I didn’t feel any humiliation. I thanked God that He answered my prayer; that He had passed the awful cup over my head. One of the state governors now calls himself the Chief Servant unlike many of his colleagues who are referred to as Excellencies.
But the opposite was the case when you were made the chief of naval staff later…
It was because I was operating within an environment in which I had been trained and functioned over the years; and I knew the rules and the discipline. If I walked in to address a naval assembly, even if I cracked a joke, nobody dare laughed. But would that be the same thing if I walked into an assembly of traditional rulers, eminent persons, market women and so on? To be high handed with people of the West would have spelt doom for any governor, either military or civilian. I was doing things my own way and if I went there 20 times, I would do the same thing. That was my modus operandi. I didn’t feel humiliated; did I commit a crime? If I did, I would be marched from Ibadan straight to Kirikiri.
Did you plan to marry a military officer?
No, my late wife was a midwife in Calabar. We met at the post office on the first working day of 1963; I went to buy a postal order to send to my mother and she came to post a letter or something and I saw her reading a newspaper. She was dressed in white and I was also dressed in my uniform. She was from Harris Town near Abonema while I’m from Okitipupa, Ondo State. That’s how we met and we eventually got married. After she moved to Lagos, I asked her whether she would like to join the Nigerian Army medical corps and she agreed. When I was going on course in the UK, I took her along and she did some higher nursing courses. At the time she joined the military, she was a sergeant but by the time she came back from the UK, she was promoted as a commissioned officer and served at various places. When I was made the chief of naval staff, she had to be brought to Lagos for some functions as wife of the chief of naval staff. Eventually, she retired in 1986 as a Lt-Col. and deputy matron of the Creek Hospital, Ikoyi. I retired in 1984 when Buhari/Idiagbon took over the government of Alhaji Shehu Shagari under which I was serving.

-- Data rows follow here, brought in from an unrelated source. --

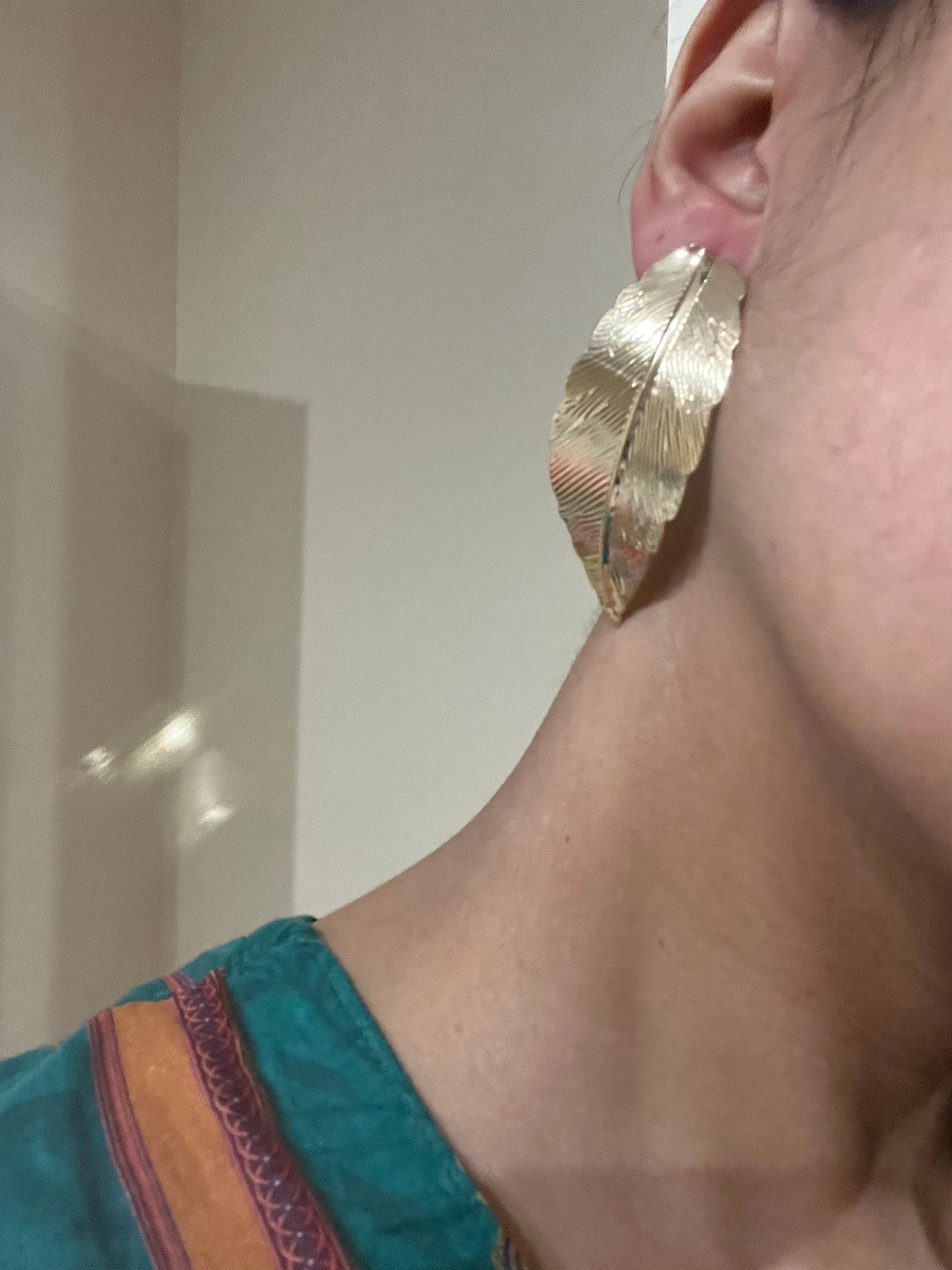 Big gold earrings , studs  gold leaf studs large , huge gold stud earring , boho gold earrings , chunky gold studs statement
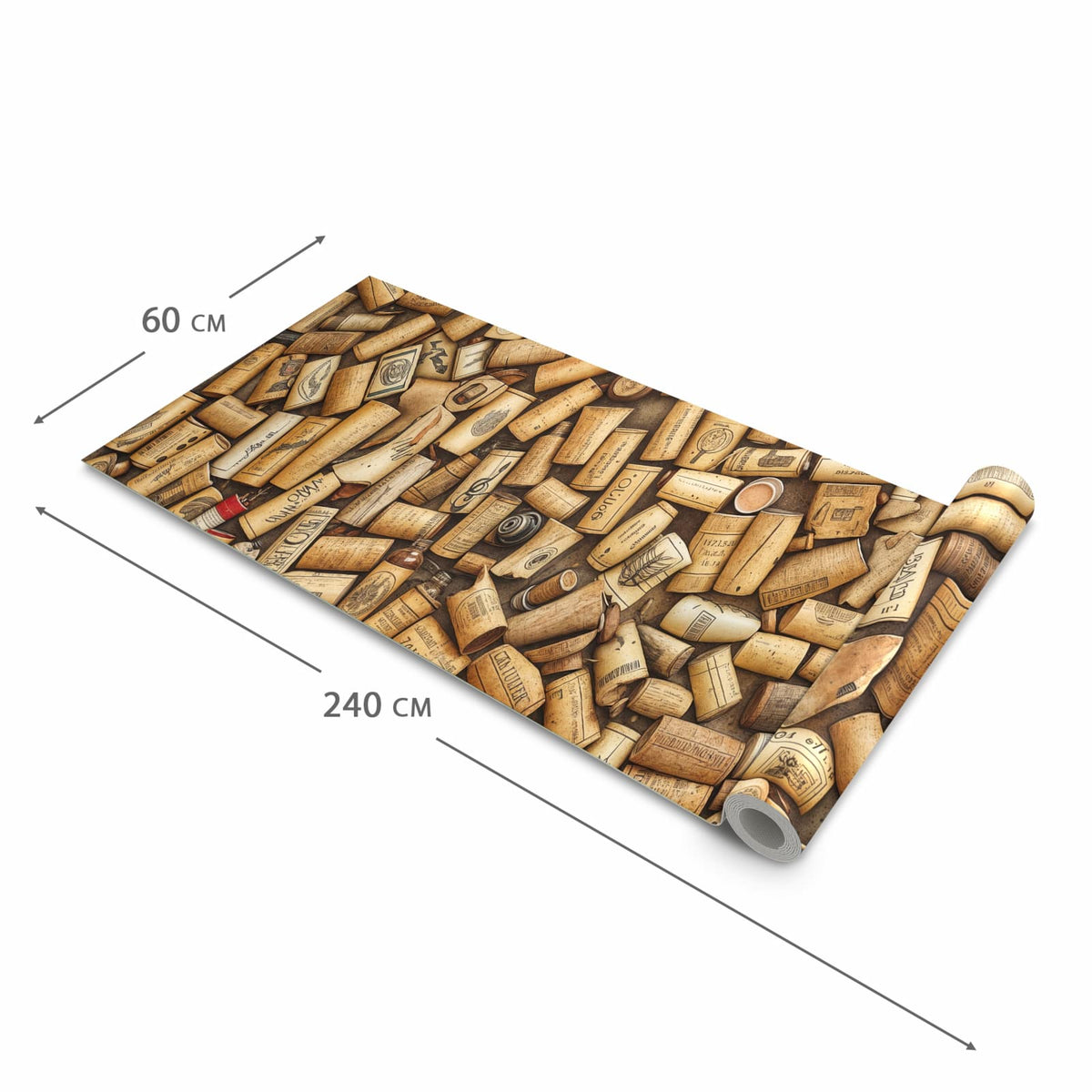 Wasserabweisender Küchenläufer mit Motiv Vintage Korken Sammlung in der Grösse 80x250 cm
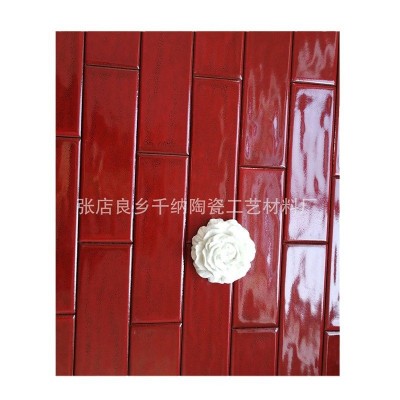 酒红色窑变手工砖 酒红色波纹面墙砖 墙砖卫生间 淄博个性瓷砖图4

Why was your late wife buried in her hometown and not yours?
That is their tradition and culture and that’s what delayed the burial from May to July. Even their family head came here and we discussed it. She was made a chief of Ife, just like me. Then, like I said earlier, my own father was a traditional ruler and that made me a prince. It’s against our own culture to bury the wife of a royal family away from the family home, but we reached a compromise and respected the wishes of her people. Kabiyesi Ooni sanctioned it and we decided that we could not turn enemies after 44 years of marriage. And so we took her and buried her in her place of birth.
What is your regret in life?
As a person, I would say my regret is not being able to fulfil my ambition to be a lawyer. I started private studies in law as a lieutenant when I was a recruiting officer for the Navy based in Apapa, then the war broke out just about a month or so when I was to take my intermediate exam. It was a correspondence course but as time went on, I could not get back to it but I think I would have excelled.